Nicolas Sarkozy s’est rendu hier à Bruxelles pour faire valoir « sans tabou » ses « convictions » concernant l’Europe. Le problème est qu’on ne sait toujours pas quelles sont ses convictions. Si tant est qu’il en ait eu un jour...
Sur le plan institutionnel, « le traité simplifié, c’est la seule solution », a-t-il répété, sans préciser ce qu’il entendait par là. Sa « priorité » est que le sommet des 21 et 22 juin soit un succès, « et ce sera un succès si les 27 se retrouvent sur un traité simplifié, avec peu d’articles ». Lesquels ? On ne sait toujours pas. Mais il semble bien que ce traité garde de la Constitution européenne la présidence stable, le ministre des Affaires étrangères, et bien entendu l’extension du domaine du vote à la majorité qualifiée, et même sa généralisation, au-delà de ce que prévoyait la Constitution. S ’il s’agit de cela, c’est pire que la Constitution rejetée par référendum.
Concernant la Turquie , Nicolas Sarkozy a martelé qu’il était toujours opposé à l’entrée de ce pays dans l’Union européenne, mais, a-t-il ajouté, « je ne vois pas l’utilité de poser cette question alors qu’elle ne se pose pas maintenant ». Or cela est un très clair appui au processus d’intégration de la Turquie , puisque trois nouveaux chapitres de négociations doivent s’ouvrir dans un mois. Si la question ne se pose pas maintenant, elle ne se posera jamais.
Dans sa conférence de presse sur les législatives, ce matin, Jean-Marie Le Pen a rebondi sur ces déclarations en en faisant l’illustration de la question qu’il pose aux Français : « Est-ce que vous êtes sûr que Sarkozy va appliquer les idées pour lesquelles il a été élu ? ». La réponse est évidemment non, et Sarkozy vient de le prouver. Il veut faire conserver l’essentiel de la Constitution européenne en passant outre la volonté du peuple souverain, par un vote au Parlement, en sachant que 95 % des parlementaires étaient favorables à ce texte alors que 55 % des Français ont dit non, ce qui est une véritable forfaiture. Cela signifie qu’il ne pourra pas maîtriser l’immigration puisque les frontières sont supprimées, qu’il ne pourra pas baisser la pression fiscale puisque cela ferait passer le déficit budgétaire au-dessus des sacro-saints 3 %, qu’il ne pourra pas protéger la France du dumping international puisqu’il ne remet pas en cause la liberté de circulation...
Quant à la Turquie , ajoute Jean-Marie Le Pen, la question doit être mise en perspective avec la volonté de Sarkozy d’une généralisation du vote à la majorité qualifiée. Comme une large majorité de gouvernements européens sont favorables à l’adhésion de la Turquie , Sarkozy s’abritera derrière le vote majoritaire pour ne pas endosser la responsabilité de cette adhésion. « Le cynisme atteint ici un degré paroxystique. »

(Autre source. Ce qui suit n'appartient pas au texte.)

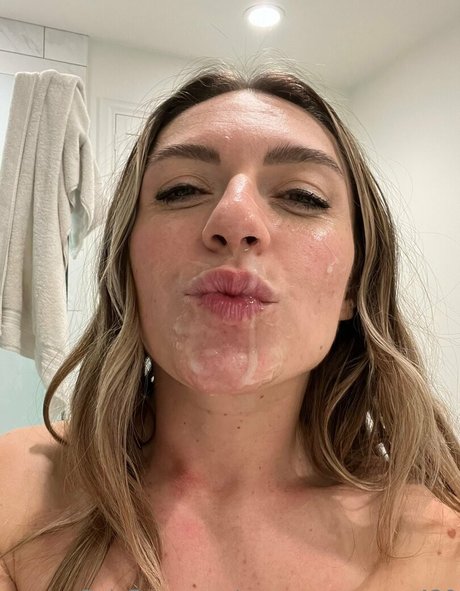 GreenEyezOnMe photo 7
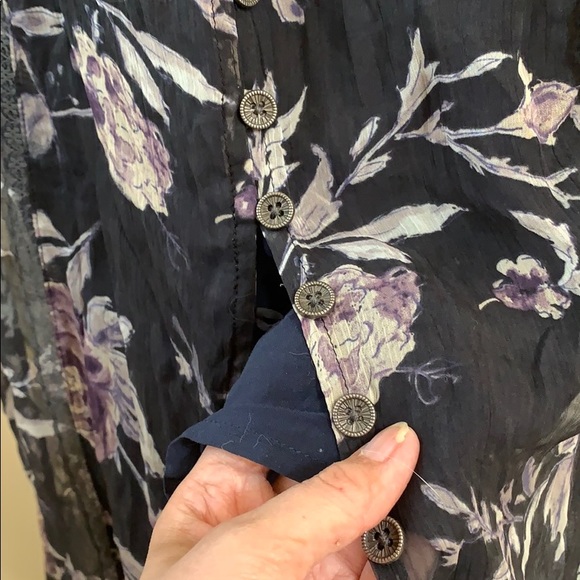 Lingerie inspired dress - Picture 5 of 5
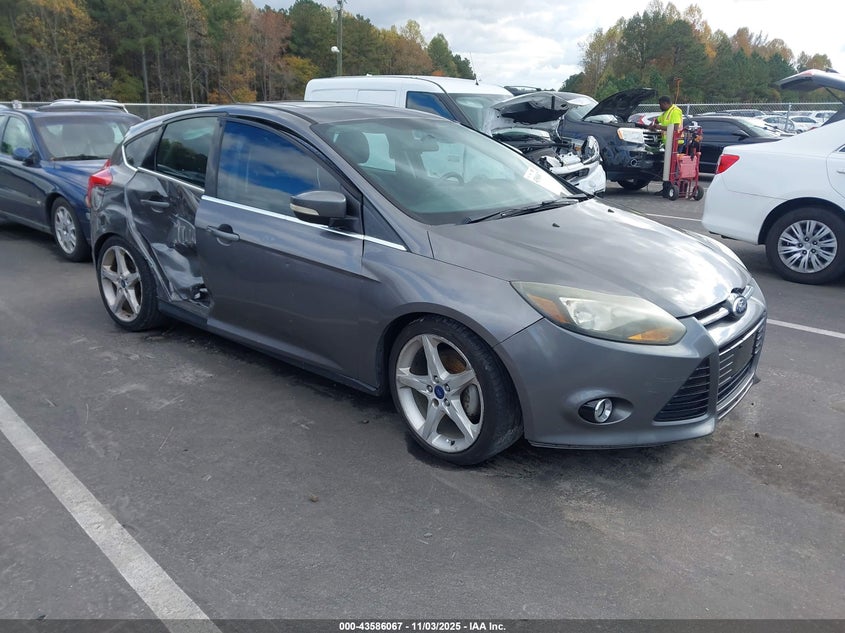 FORD FOCUS TITANIUM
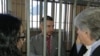 Віталій Марків спілкується з адвокатами перед судовим засіданням у Павії (фото минулорічне)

Si l’on ajoute à cela la photographie officielle du Président, où pour la première fois figure le drapeau européen, et l’ouverture à gauche, à des européistes socialistes, il est clair que les électeurs FN qui ont voté Sarkozy pour éviter le retour de la gauche au pouvoir, ou parce qu’ils croyaient que Sarkozy avait plus de chances que Le Pen d’arriver au pouvoir pour appliquer le même programme, vont devoir voter pour les candidats FN aux législatives. « Parce que le FN n’a pas eu ces idées pendant deux mois comme Sarkozy, mais les a depuis 30 ans. » Et qu’il faut des députés FN pour rappeler à Sarkozy ses engagements nationaux qu’il a déjà oubliés.